• **Available data**
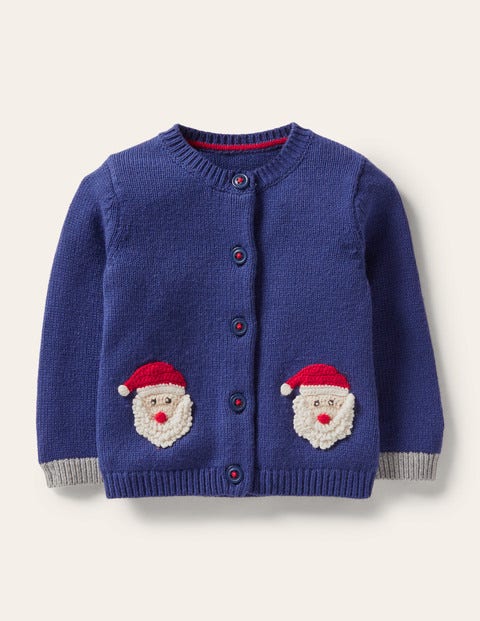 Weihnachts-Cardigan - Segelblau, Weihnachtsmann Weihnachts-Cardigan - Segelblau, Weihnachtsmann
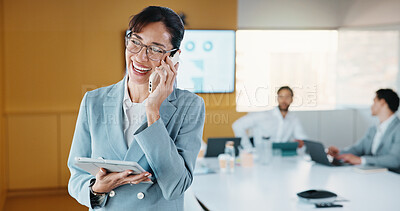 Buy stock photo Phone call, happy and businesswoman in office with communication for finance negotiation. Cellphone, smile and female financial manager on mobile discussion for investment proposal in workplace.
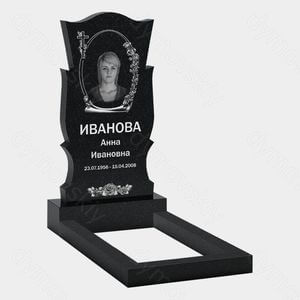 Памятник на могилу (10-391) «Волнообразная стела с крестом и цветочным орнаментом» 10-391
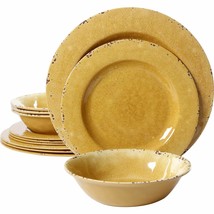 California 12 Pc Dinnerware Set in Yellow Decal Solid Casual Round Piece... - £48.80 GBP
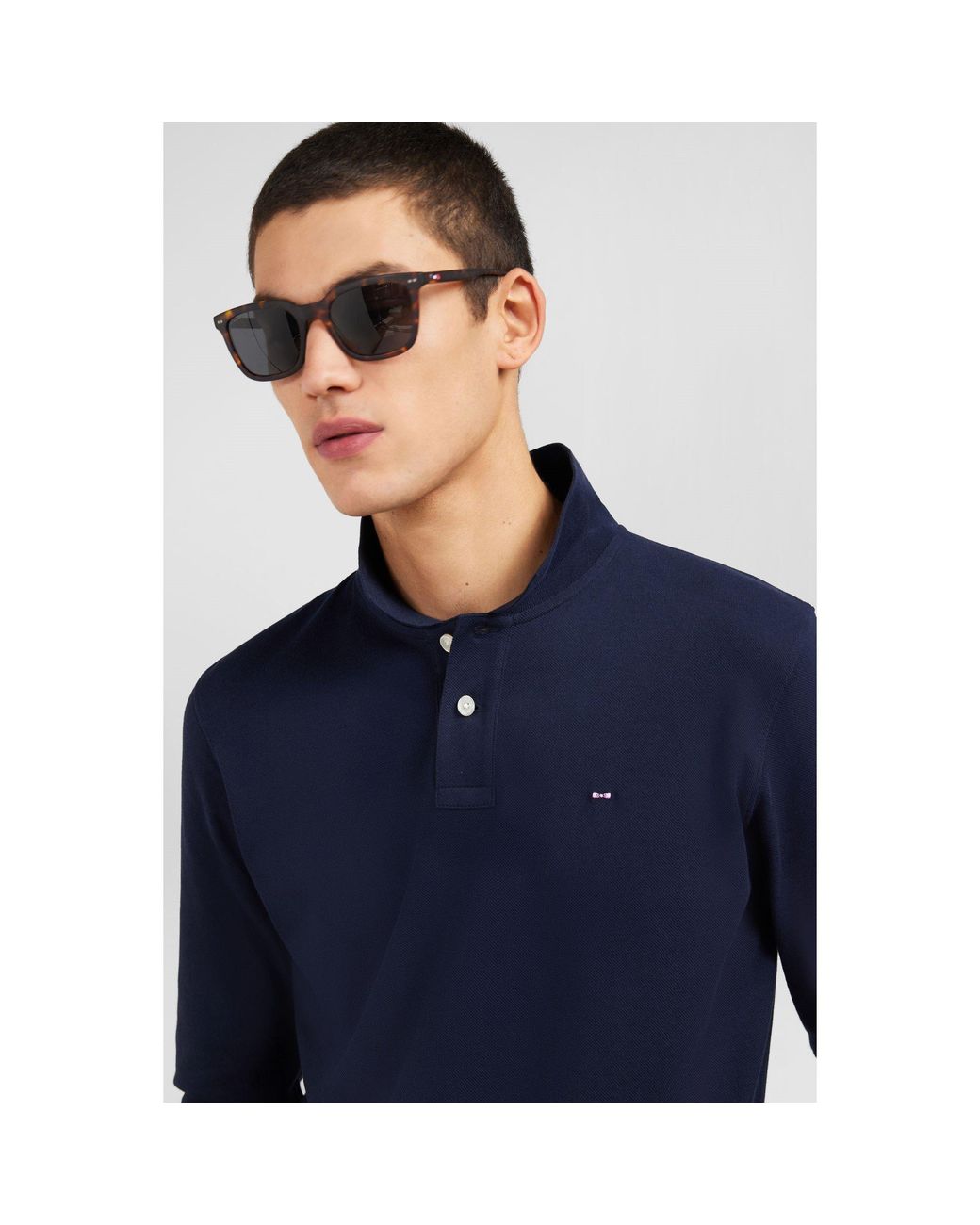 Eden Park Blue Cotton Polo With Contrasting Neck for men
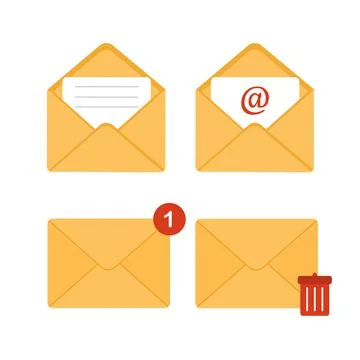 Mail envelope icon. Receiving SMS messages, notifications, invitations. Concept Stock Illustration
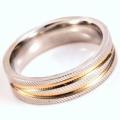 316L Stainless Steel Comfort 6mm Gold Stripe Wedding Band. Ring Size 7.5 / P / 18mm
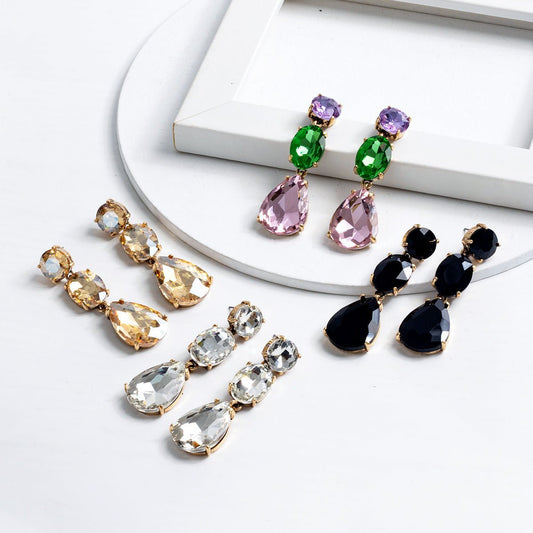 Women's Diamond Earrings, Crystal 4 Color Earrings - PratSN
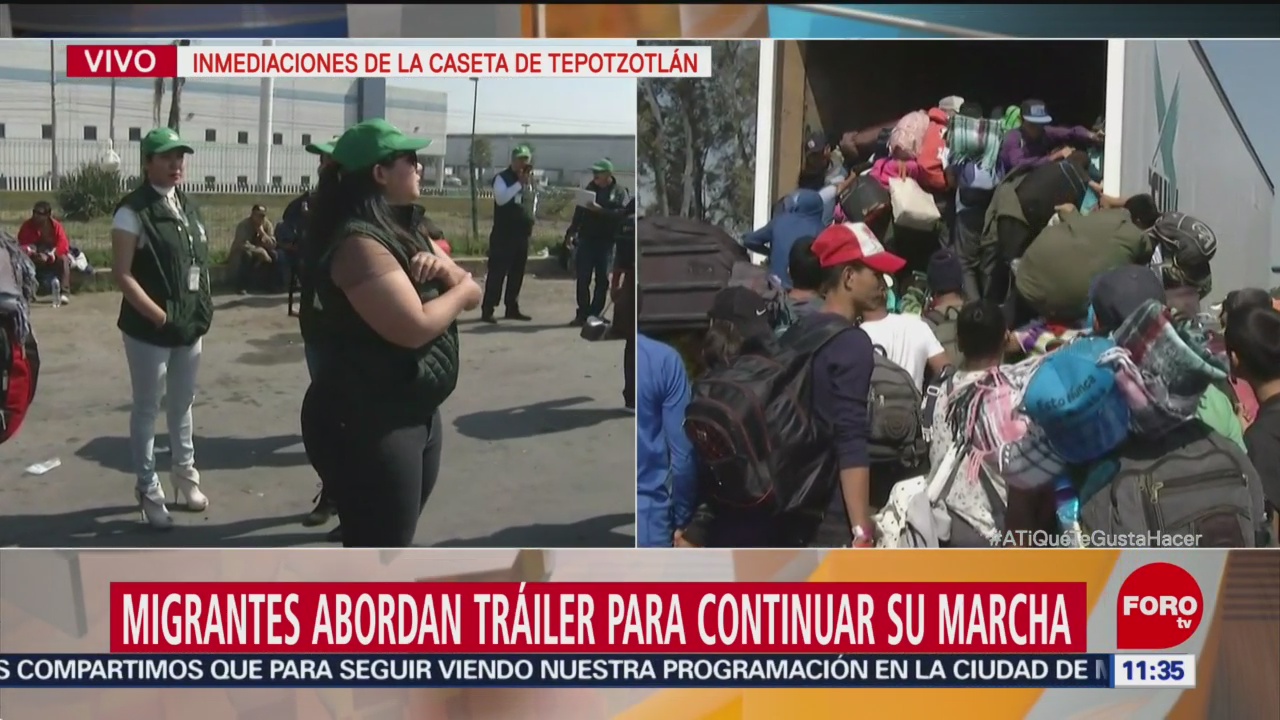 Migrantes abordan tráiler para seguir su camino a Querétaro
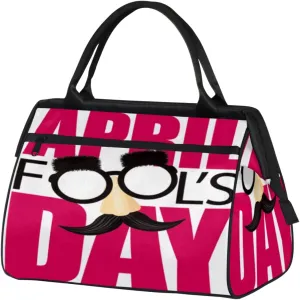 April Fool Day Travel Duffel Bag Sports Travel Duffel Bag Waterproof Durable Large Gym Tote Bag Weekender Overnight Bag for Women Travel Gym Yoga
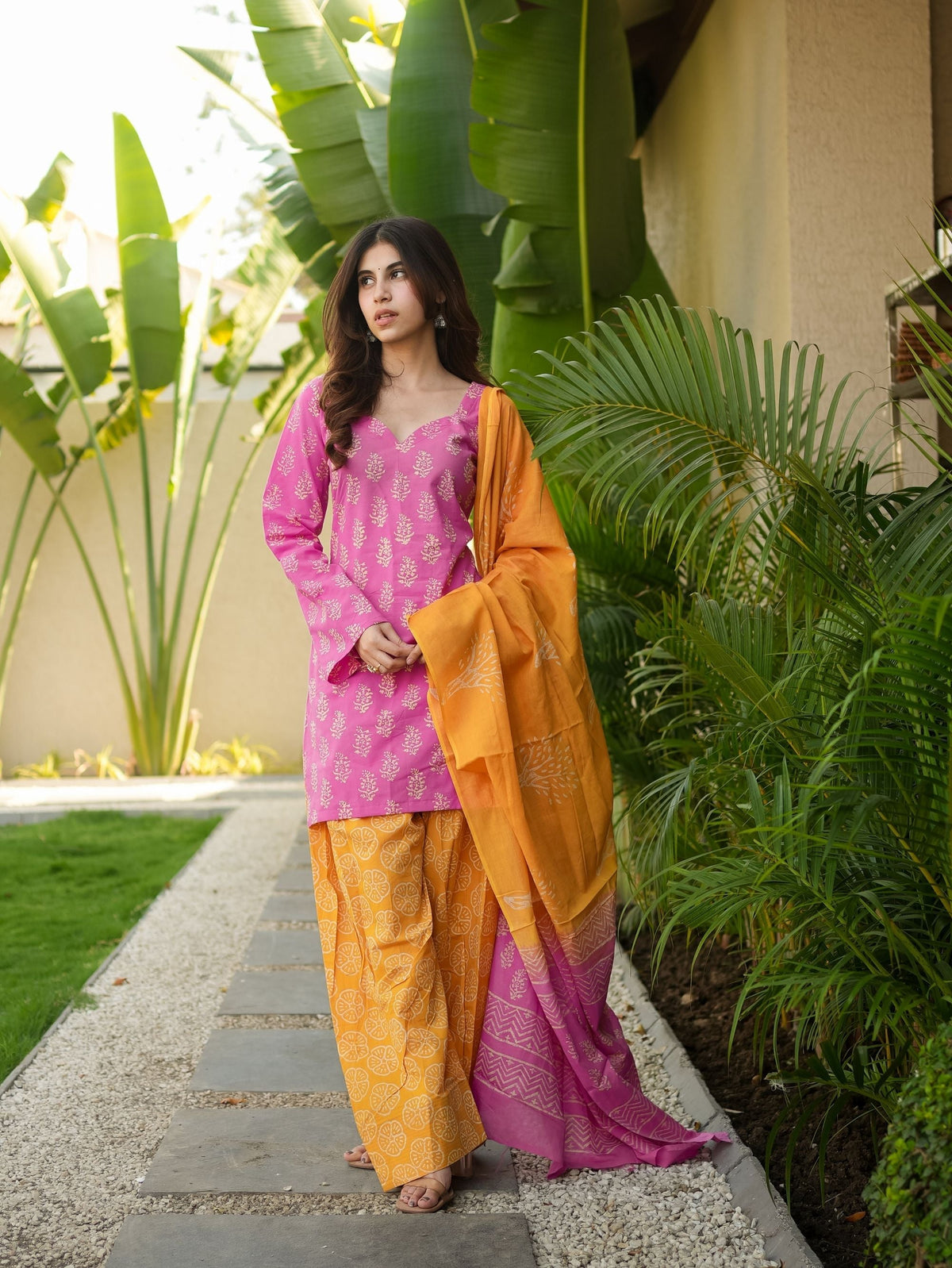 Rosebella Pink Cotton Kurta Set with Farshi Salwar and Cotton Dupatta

==

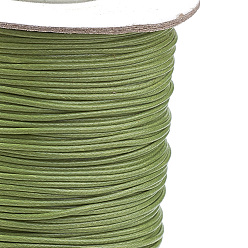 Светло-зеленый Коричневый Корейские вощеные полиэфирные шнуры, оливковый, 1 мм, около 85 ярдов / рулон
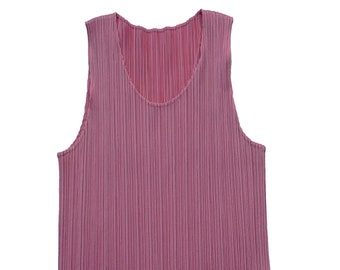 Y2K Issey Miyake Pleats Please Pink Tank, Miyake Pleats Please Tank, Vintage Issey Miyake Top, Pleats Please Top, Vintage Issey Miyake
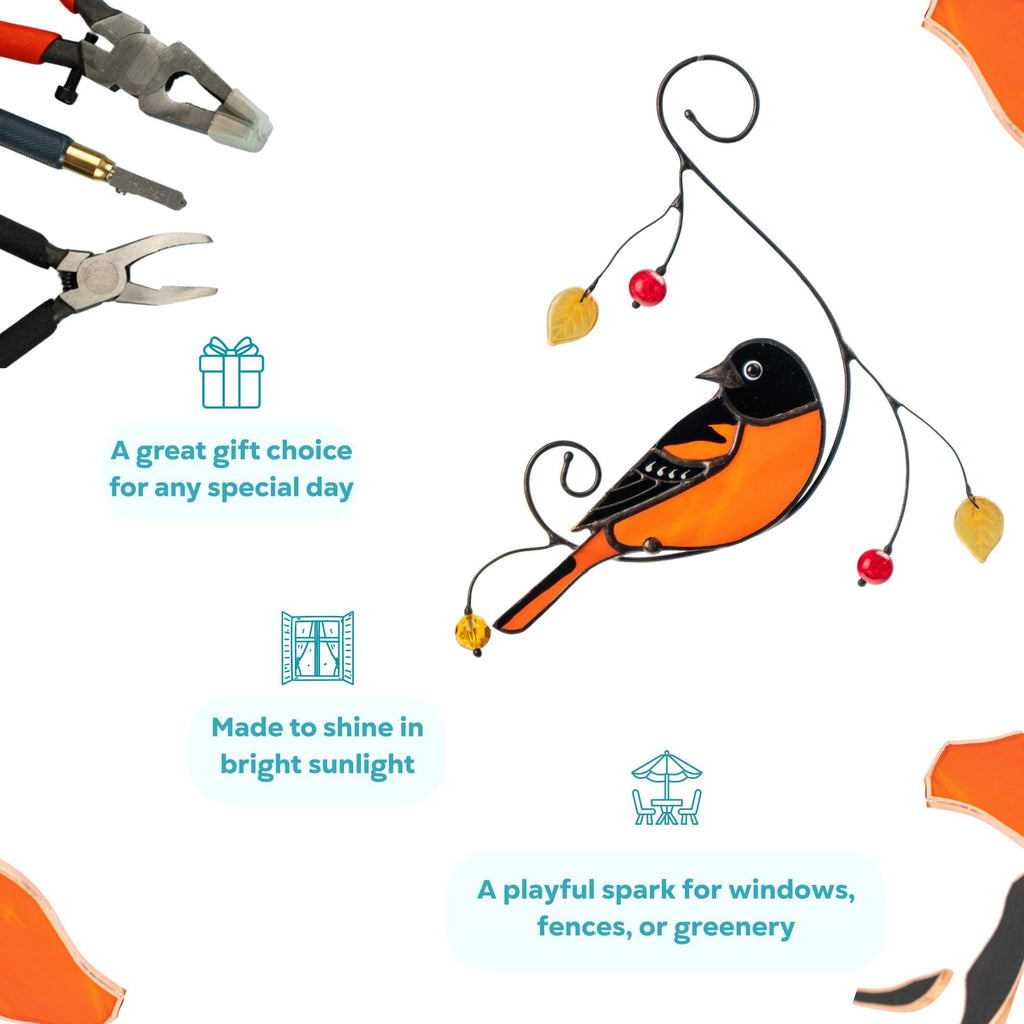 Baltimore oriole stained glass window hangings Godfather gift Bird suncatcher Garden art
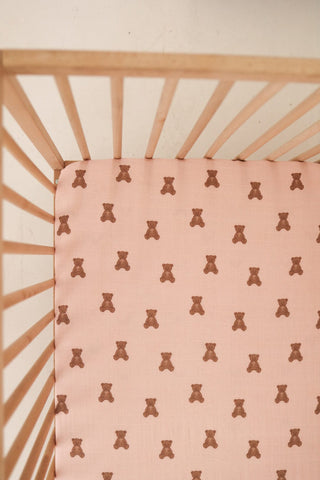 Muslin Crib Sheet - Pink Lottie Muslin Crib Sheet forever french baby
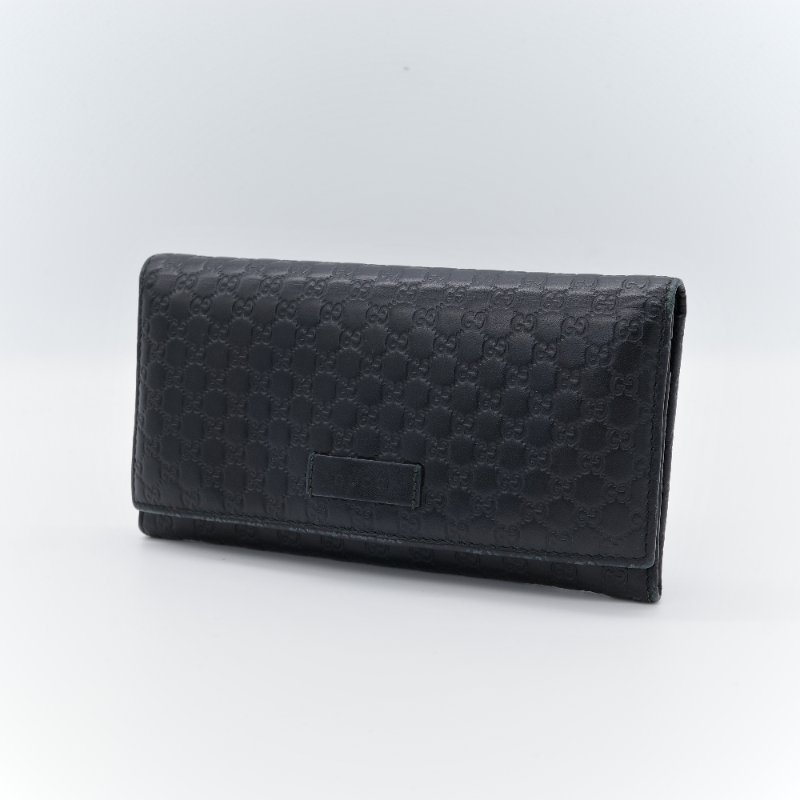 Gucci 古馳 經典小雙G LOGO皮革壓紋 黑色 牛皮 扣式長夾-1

• **Try it**
Everything between and including the line above containing "Weihnachtsmann Weihnachts-Cardigan - Segelblau, Weihnachtsmann" and the line containing "California 12 Pc" should be reproduced exactly, with pictures excluded.

• **Your solution**
 Weihnachts-Cardigan - Segelblau, Weihnachtsmann Weihnachts-Cardigan - Segelblau, Weihnachtsmann
 Buy stock photo Phone call, happy and businesswoman in office with communication for finance negotiation. Cellphone, smile and female financial manager on mobile discussion for investment proposal in workplace.
 Памятник на могилу (10-391) «Волнообразная стела с крестом и цветочным орнаментом» 10-391
 California 12 Pc Dinnerware Set in Yellow Decal Solid Casual Round Piece... - £48.80 GBP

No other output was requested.